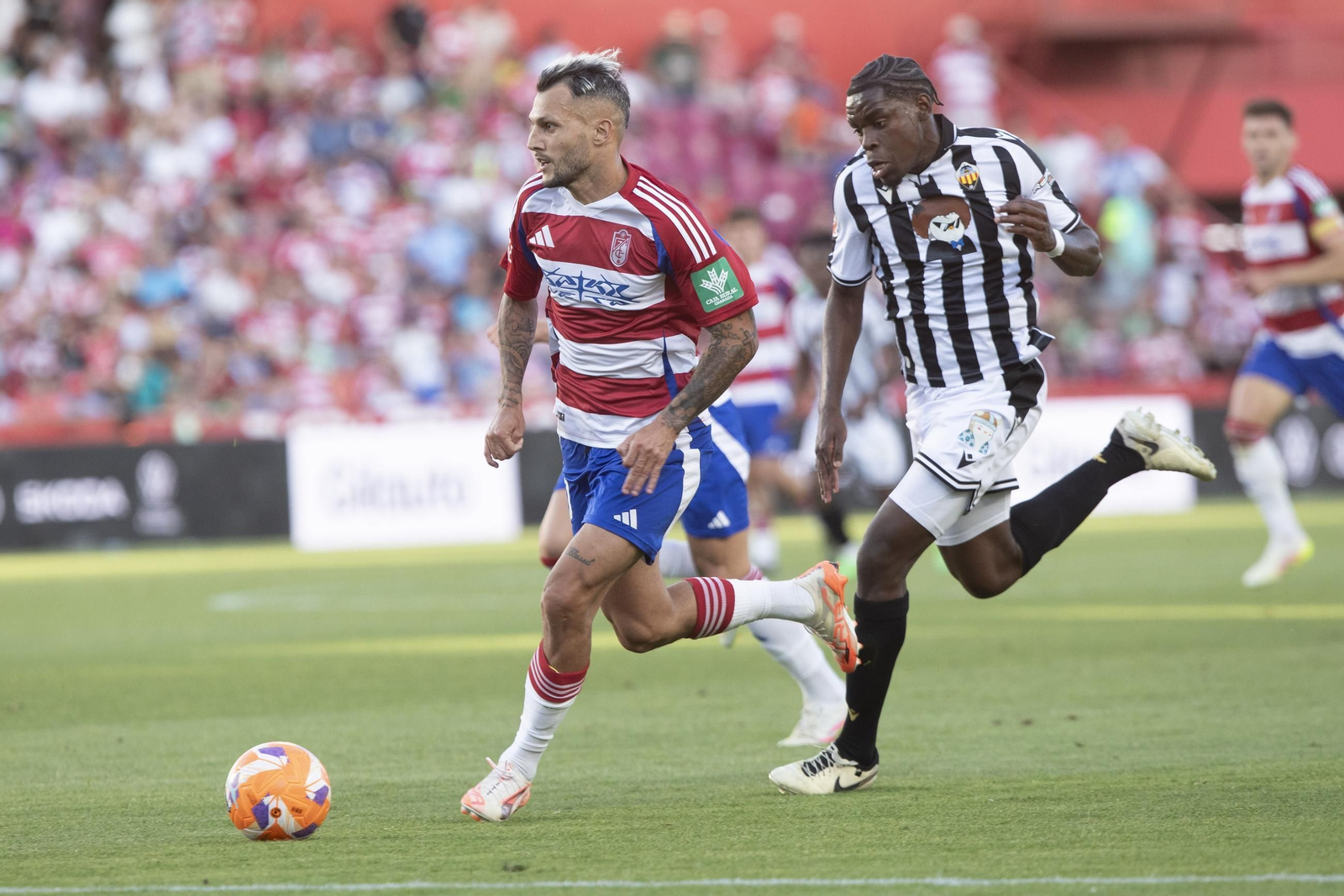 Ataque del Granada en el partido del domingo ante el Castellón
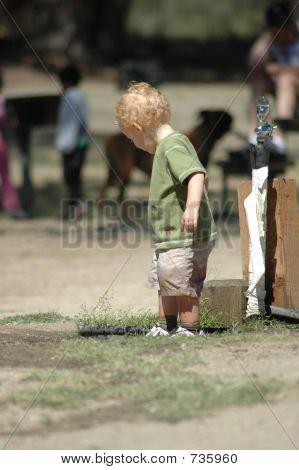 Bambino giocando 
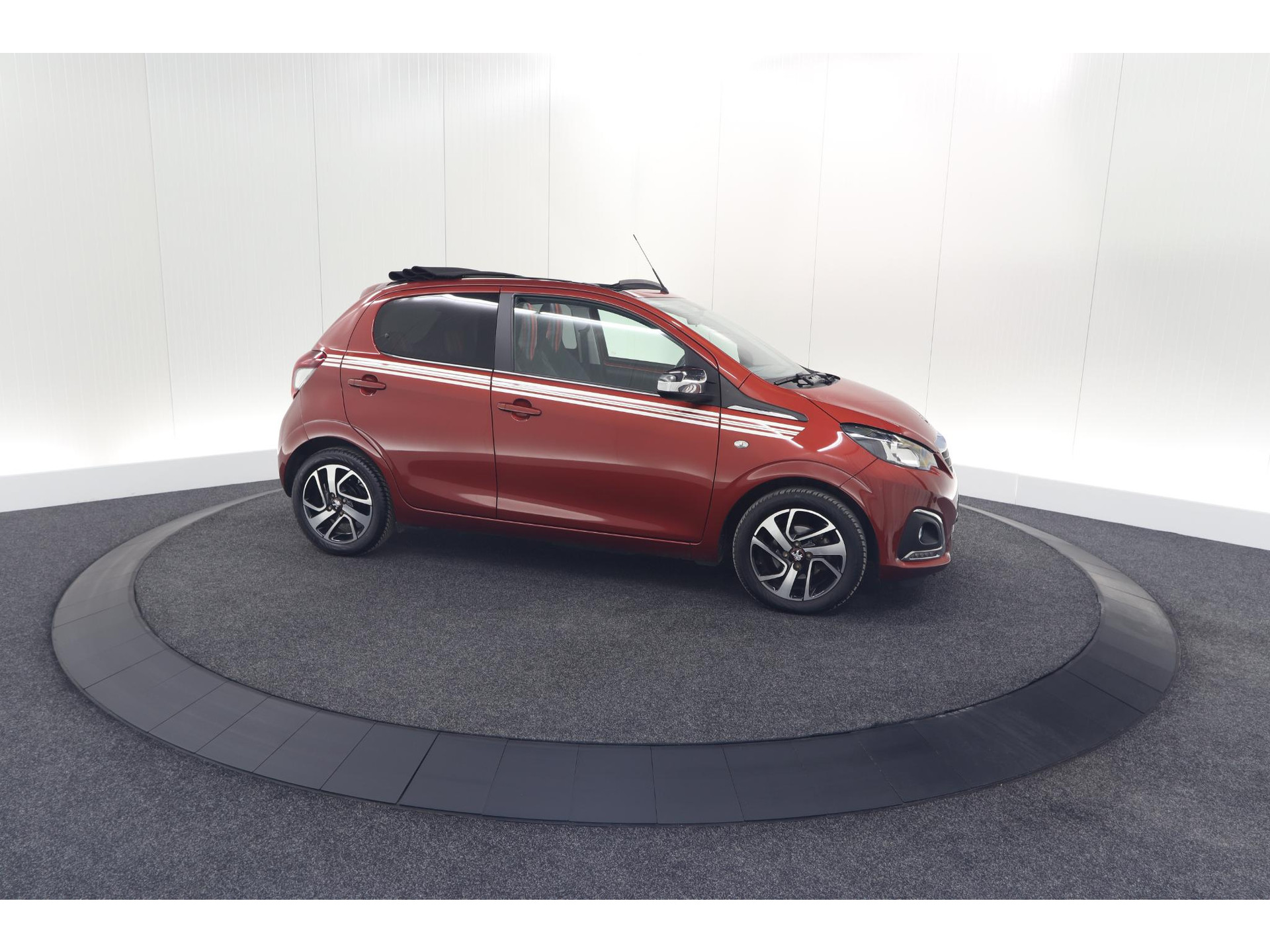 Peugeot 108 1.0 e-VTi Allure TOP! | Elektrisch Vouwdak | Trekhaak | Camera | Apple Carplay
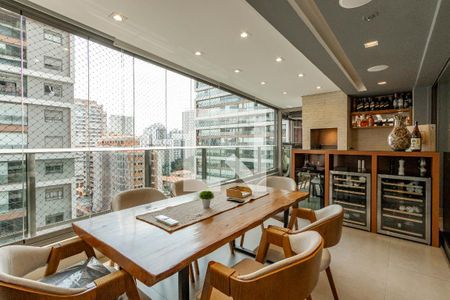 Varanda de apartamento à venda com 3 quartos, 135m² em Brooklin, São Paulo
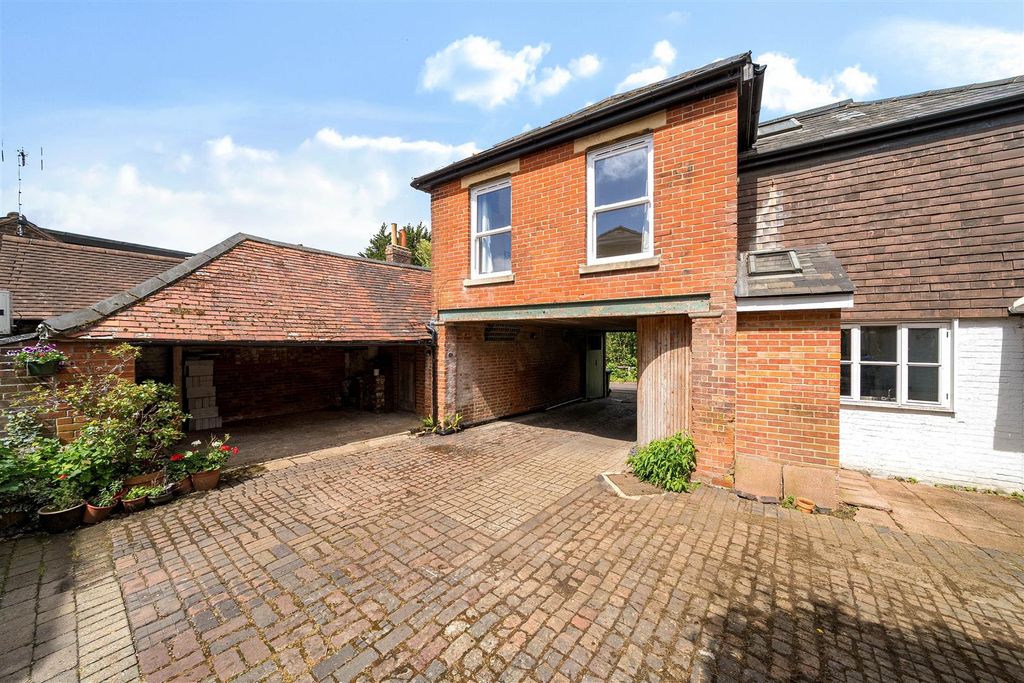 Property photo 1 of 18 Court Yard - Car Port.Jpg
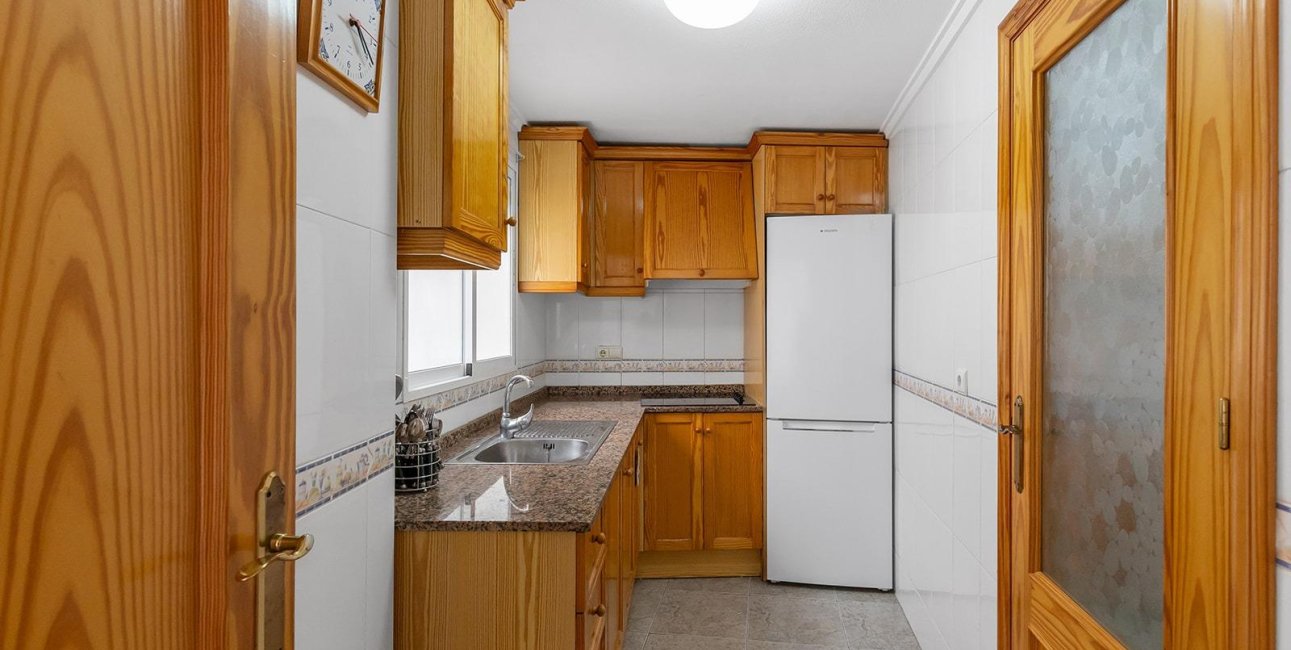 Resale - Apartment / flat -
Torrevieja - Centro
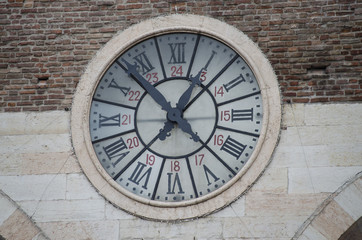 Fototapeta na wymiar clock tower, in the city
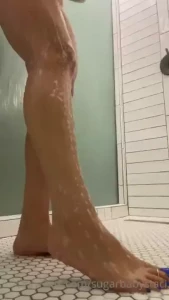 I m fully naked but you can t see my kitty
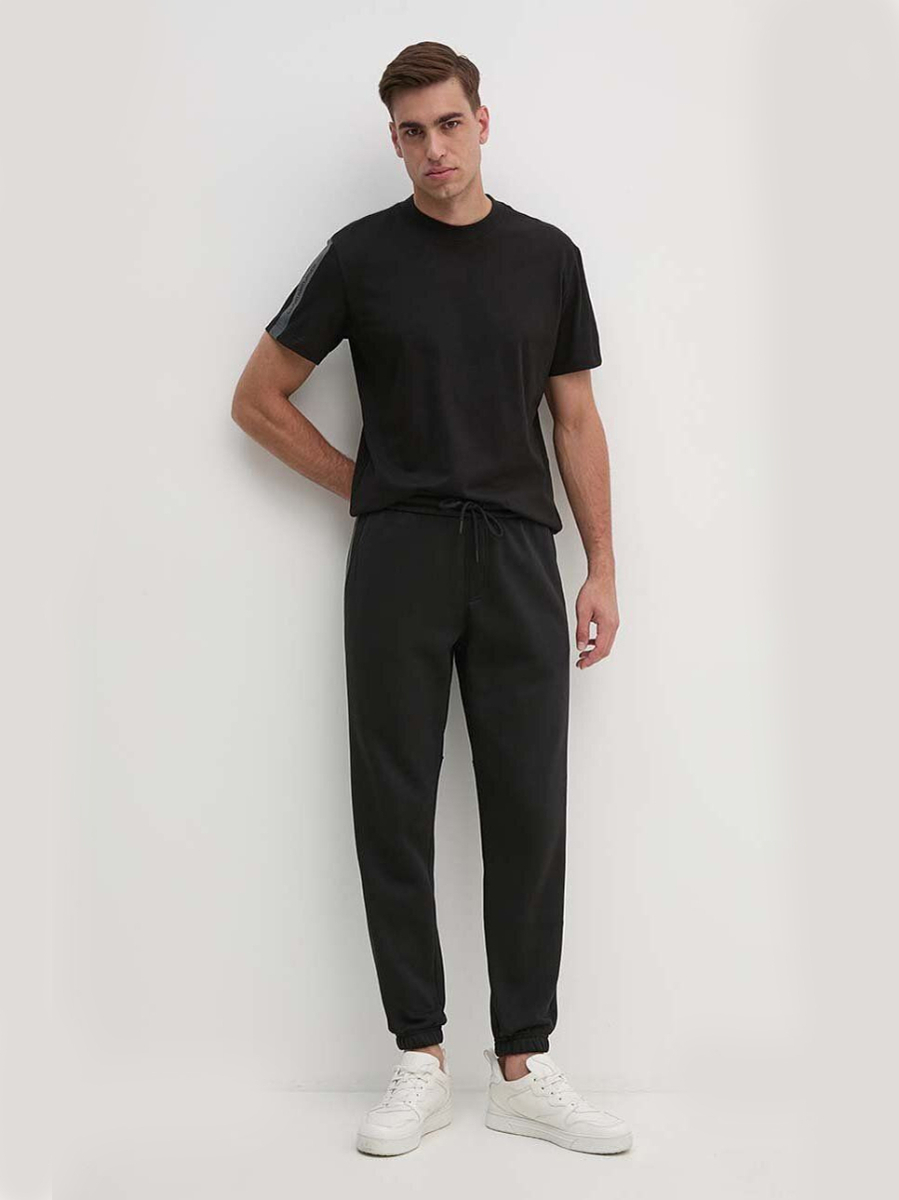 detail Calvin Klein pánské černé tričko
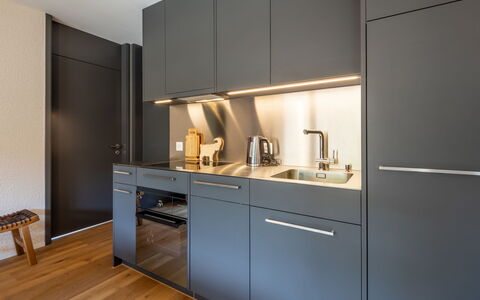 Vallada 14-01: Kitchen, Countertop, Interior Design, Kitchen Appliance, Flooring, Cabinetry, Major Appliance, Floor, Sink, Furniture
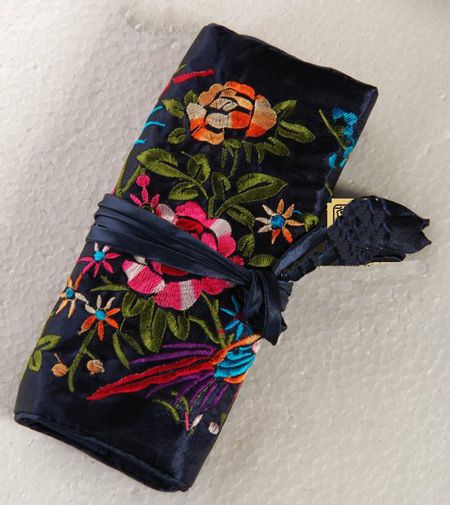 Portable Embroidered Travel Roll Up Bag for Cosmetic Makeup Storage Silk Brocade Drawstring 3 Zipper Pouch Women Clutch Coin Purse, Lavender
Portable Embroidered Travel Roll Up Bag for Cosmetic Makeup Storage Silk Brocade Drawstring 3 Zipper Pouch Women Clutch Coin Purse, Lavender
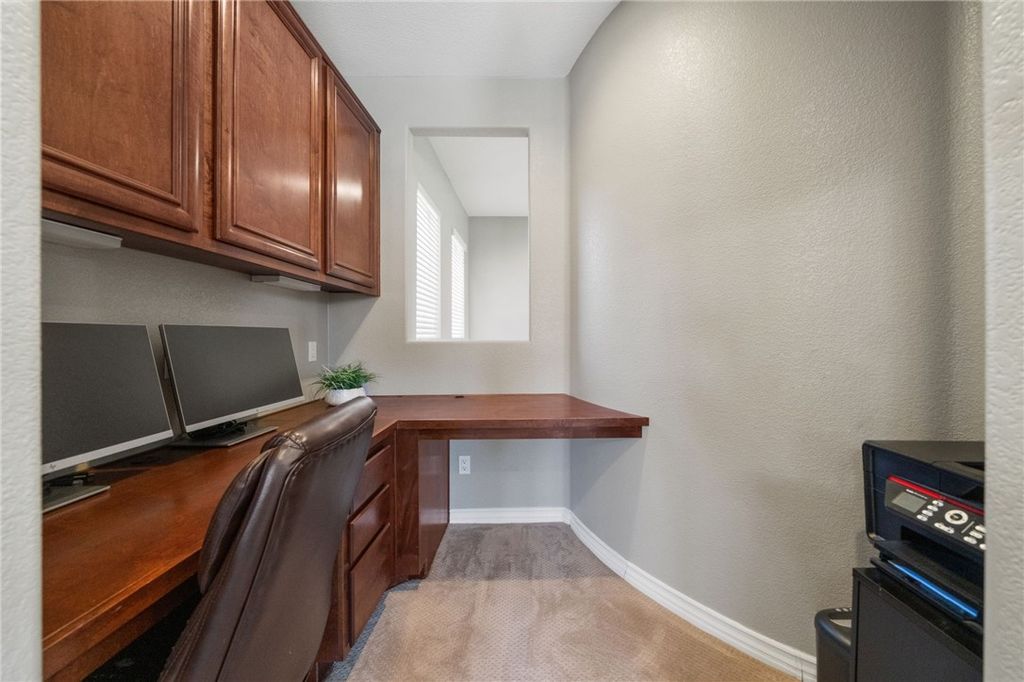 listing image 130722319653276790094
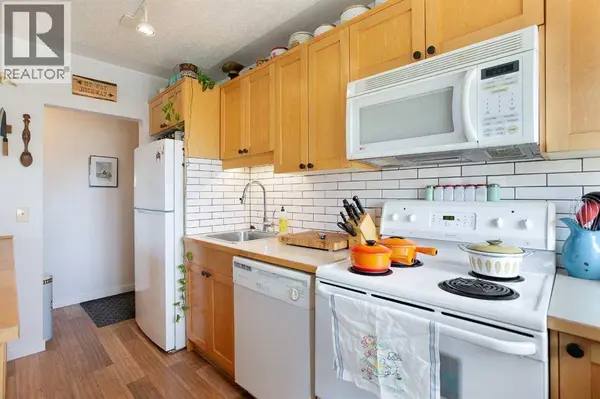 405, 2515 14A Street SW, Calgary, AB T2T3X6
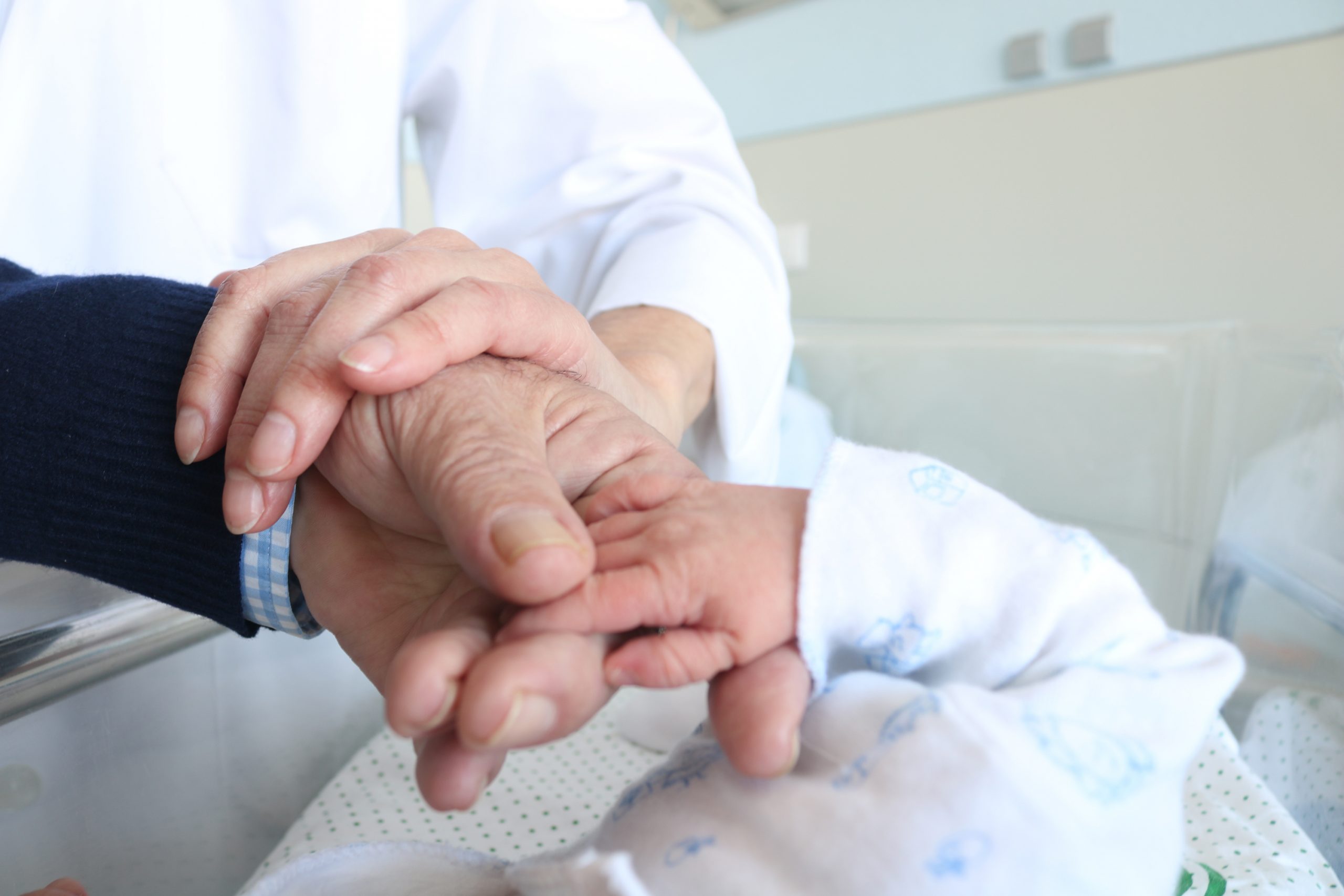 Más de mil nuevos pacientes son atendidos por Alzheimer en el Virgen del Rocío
=-=-=-=-=
#### [About this task]
From the first line to the last, repeat the records exactly and skip the pictures.

#### [Solution below]
 Ataque del Granada en el partido del domingo ante el Castellón
 Bambino giocando 
 Peugeot 108 1.0 e-VTi Allure TOP! | Elektrisch Vouwdak | Trekhaak | Camera | Apple Carplay
 Varanda de apartamento à venda com 3 quartos, 135m² em Brooklin, São Paulo
 Property photo 1 of 18 Court Yard - Car Port.Jpg
 Resale - Apartment / flat -
Torrevieja - Centro
 Fototapeta na wymiar clock tower, in the city
 I m fully naked but you can t see my kitty
 detail Calvin Klein pánské černé tričko
 Vallada 14-01: Kitchen, Countertop, Interior Design, Kitchen Appliance, Flooring, Cabinetry, Major Appliance, Floor, Sink, Furniture
 Portable Embroidered Travel Roll Up Bag for Cosmetic Makeup Storage Silk Brocade Drawstring 3 Zipper Pouch Women Clutch Coin Purse, Lavender
Portable Embroidered Travel Roll Up Bag for Cosmetic Makeup Storage Silk Brocade Drawstring 3 Zipper Pouch Women Clutch Coin Purse, Lavender
 listing image 130722319653276790094
 405, 2515 14A Street SW, Calgary, AB T2T3X6
 Más de mil nuevos pacientes son atendidos por Alzheimer en el Virgen del Rocío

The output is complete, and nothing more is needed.